Putin dice que en el KGB aprendió a «establecer diálogo con el contrario, que sienta que hay algo en común». Barack Obama encontró ese algo, pero no era una historia de Putin, sino uno de sus hombres: Dimitri Medvedev. Presidente suplente durante cuatro años, visitó Silicon Valley, recibió un iPhone y habló de una Rusia business-friendly. El vicepresidente Joe Biden propuso un reinicio en las relaciones, y Obama comentó a su entorno que Medvedev podría encarnar una nueva Rusia y dejar atrás lo «viejo» que representaba Putin. Se equivocaban.

Barack Obama (i) conversa con Putin, durante un desayuno de trabajo en Moscú, en 2009.
Barack Obama (i) conversa con Putin, durante un desayuno de trabajo en Moscú, en 2009.EFE

Putin volvió y siempre despreció a Obama y Biden. Representaban el vicio demócrata de promover valores donde nadie los ha pedido. Biden fue un caso más enconado: era el único presidente que no llegaba de nuevas, tras ocho años como vicepresidente en los que, además, supervisó Ucrania.
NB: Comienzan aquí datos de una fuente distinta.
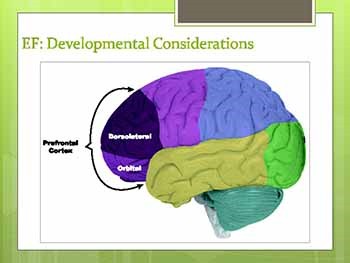 Diagnosing ADHD-Conducting Valid Comprehensive and Collaborative Assessments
Biden levantó las sanciones al Nord Stream 2. Meses después, Putin empezó a concentrar tropas junto a Ucrania: demasiadas para un simple ejercicio, pero insuficientes para una invasión exitosa. Biden no cayó en el embuste y divulgó sus datos de inteligencia, mientras Putin negaba lo que justificaría después: la guerra.

El flechazo ruso de Trump tiene dos ingredientes básicos: su afán por el poder y su afán por el dinero. Antes de las elecciones de 2016, mostró su admiración por Putin en una entrevista con la NBC: «Tiene un control muy fuerte sobre su país». «Dos cosas impresionan sobre todo a Trump: el poder sin las complicaciones de la democracia liberal y la reverencia casi religiosa del pueblo, que sólo un sistema autocrático puede imponer», explica Carsten Luther, editor de internacional de Zeit Online. Para Trump, Putin encarna ambas cosas.